Action item
Leave out the pictures, then output the lines of the records below from the first through the one containing "12227-Burberry Haki Yeşil".

════════════════

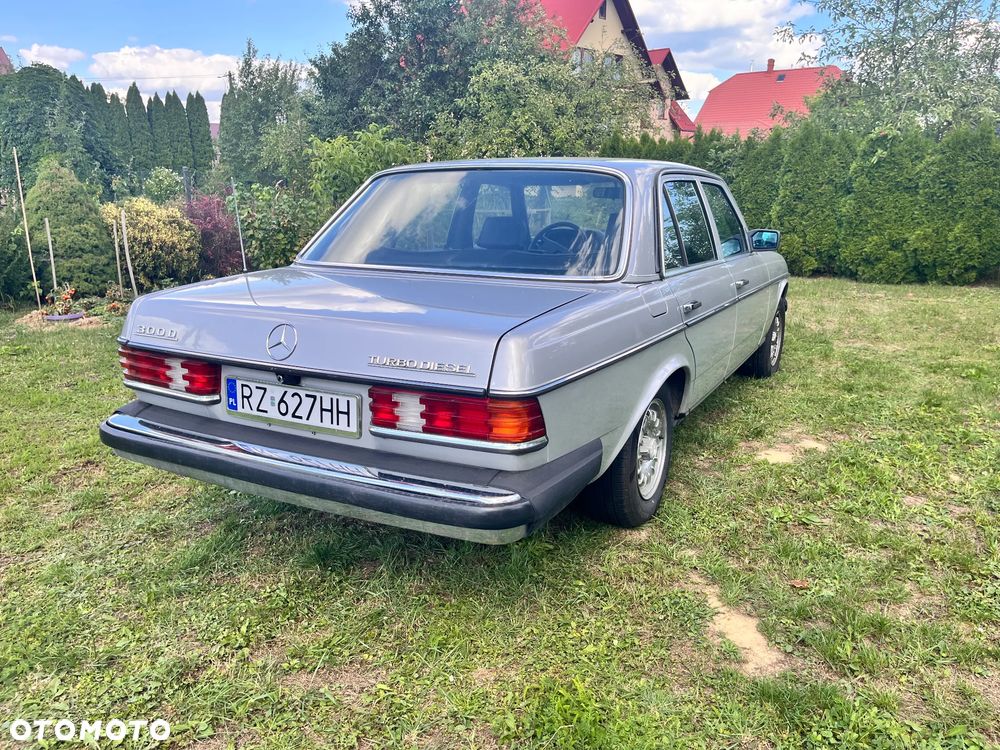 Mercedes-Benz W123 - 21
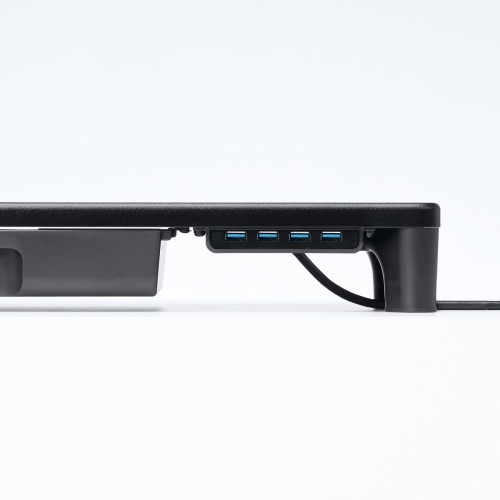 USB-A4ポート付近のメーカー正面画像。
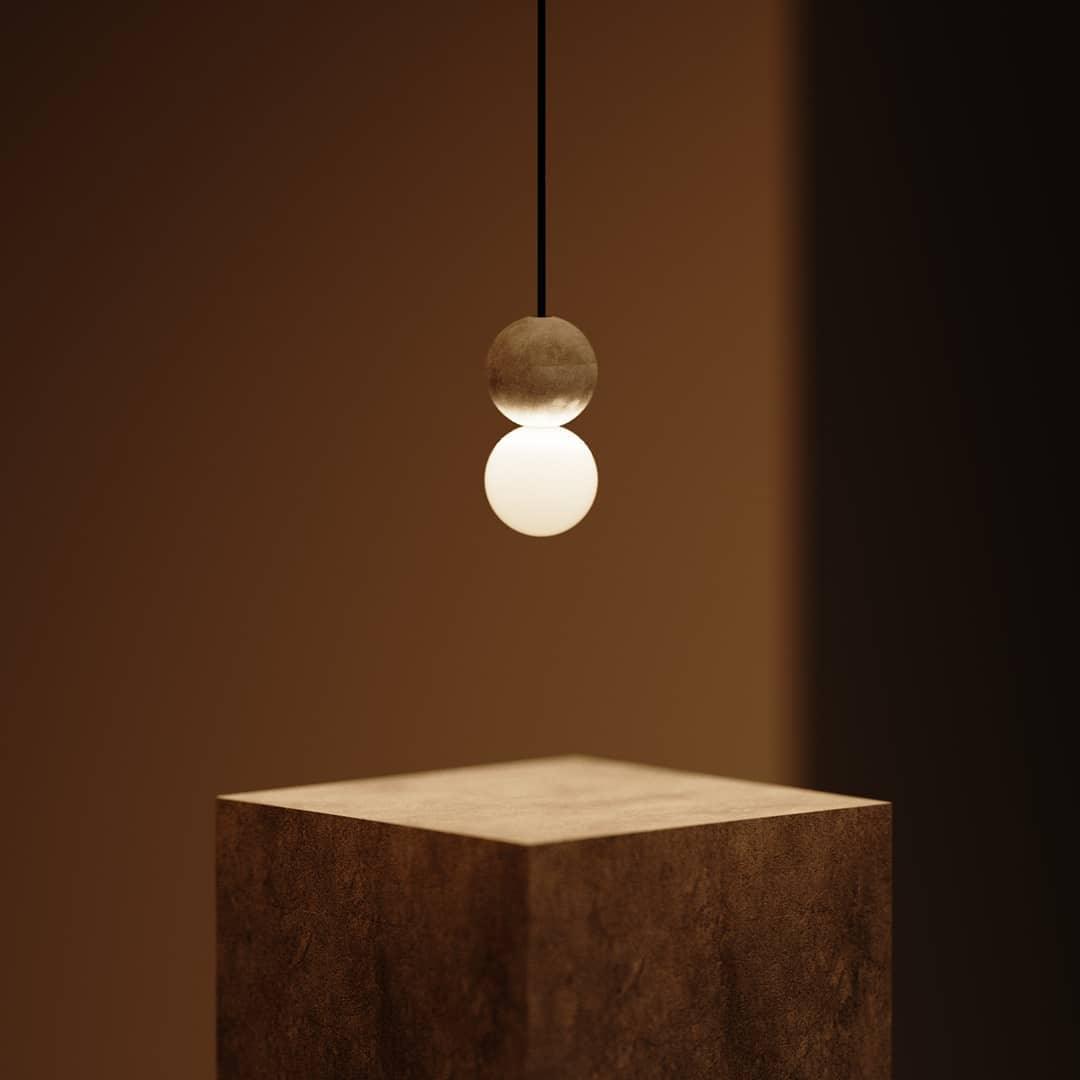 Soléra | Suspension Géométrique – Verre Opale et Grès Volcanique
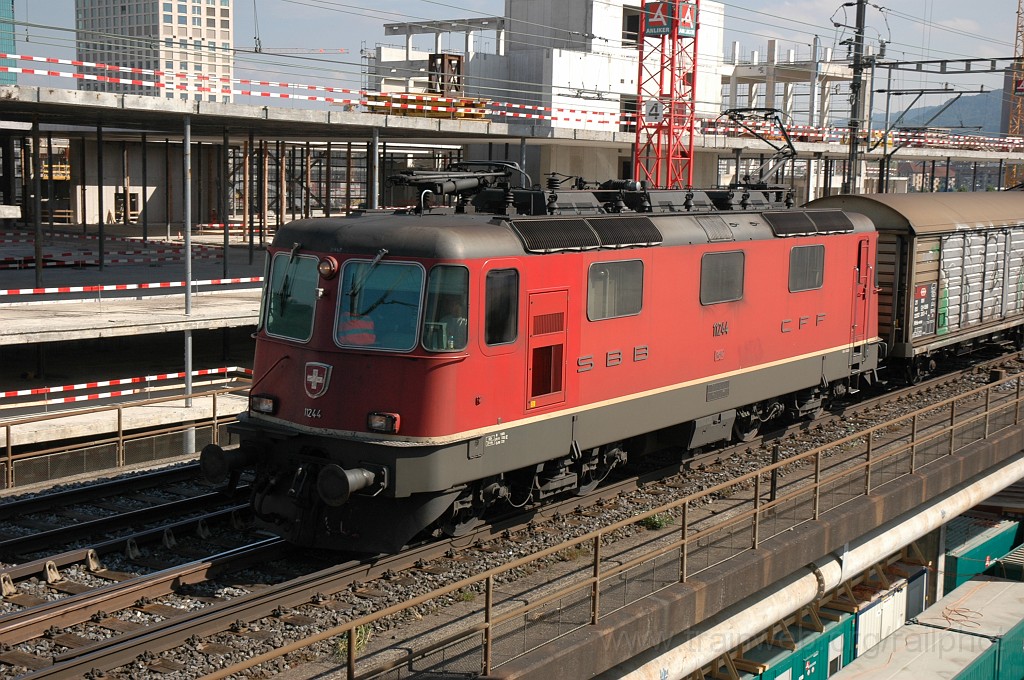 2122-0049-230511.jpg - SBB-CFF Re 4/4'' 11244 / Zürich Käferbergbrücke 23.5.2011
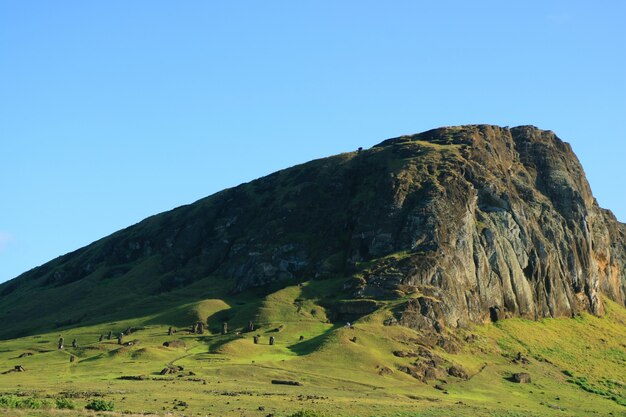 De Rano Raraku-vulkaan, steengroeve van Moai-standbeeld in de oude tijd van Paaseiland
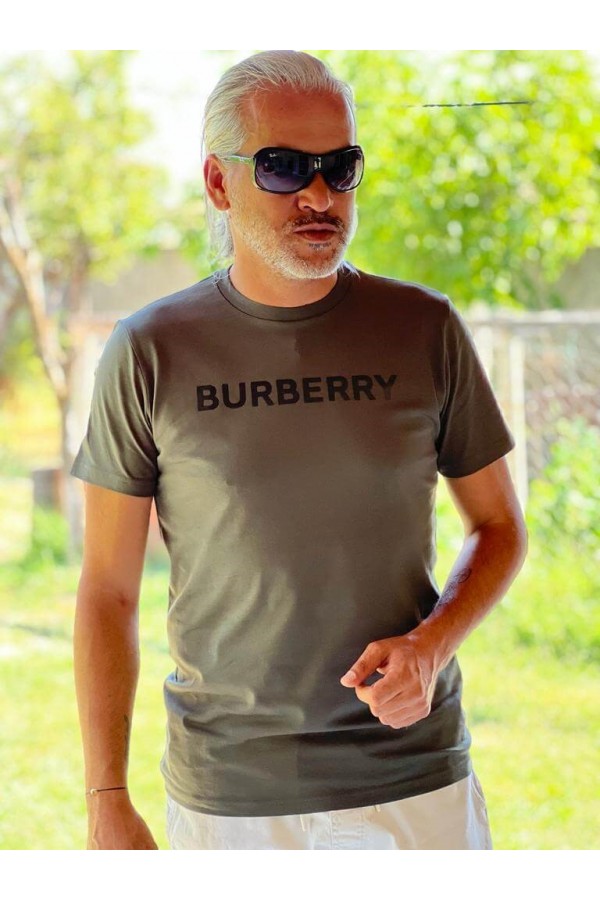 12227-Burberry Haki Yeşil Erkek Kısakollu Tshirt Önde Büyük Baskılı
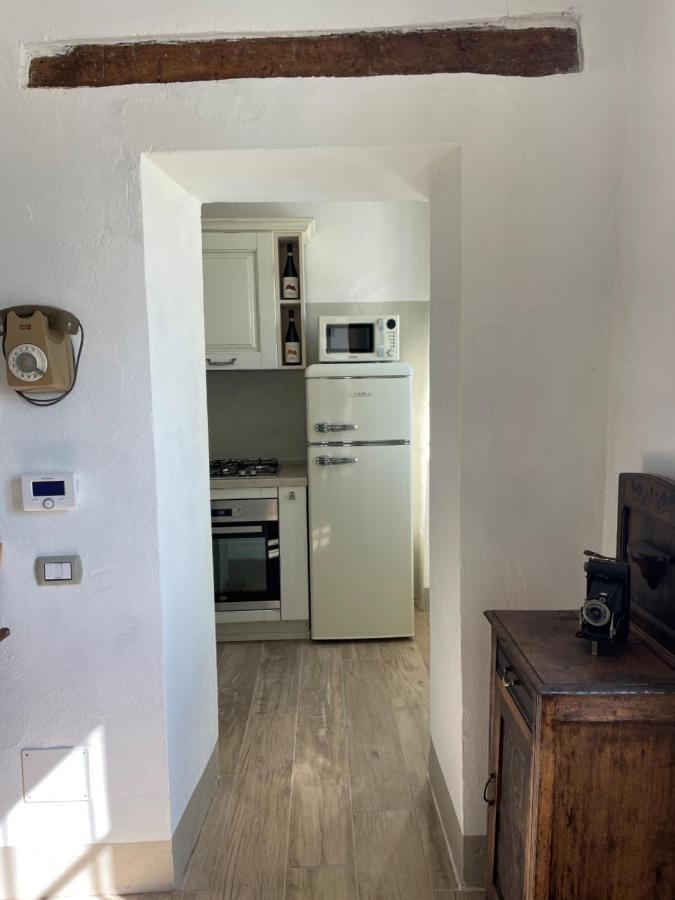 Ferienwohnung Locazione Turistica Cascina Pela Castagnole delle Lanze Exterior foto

════════════════

Answer space
 Mercedes-Benz W123 - 21
 USB-A4ポート付近のメーカー正面画像。
 Soléra | Suspension Géométrique – Verre Opale et Grès Volcanique
 2122-0049-230511.jpg - SBB-CFF Re 4/4'' 11244 / Zürich Käferbergbrücke 23.5.2011
 De Rano Raraku-vulkaan, steengroeve van Moai-standbeeld in de oude tijd van Paaseiland
 12227-Burberry Haki Yeşil Erkek Kısakollu Tshirt Önde Büyük Baskılı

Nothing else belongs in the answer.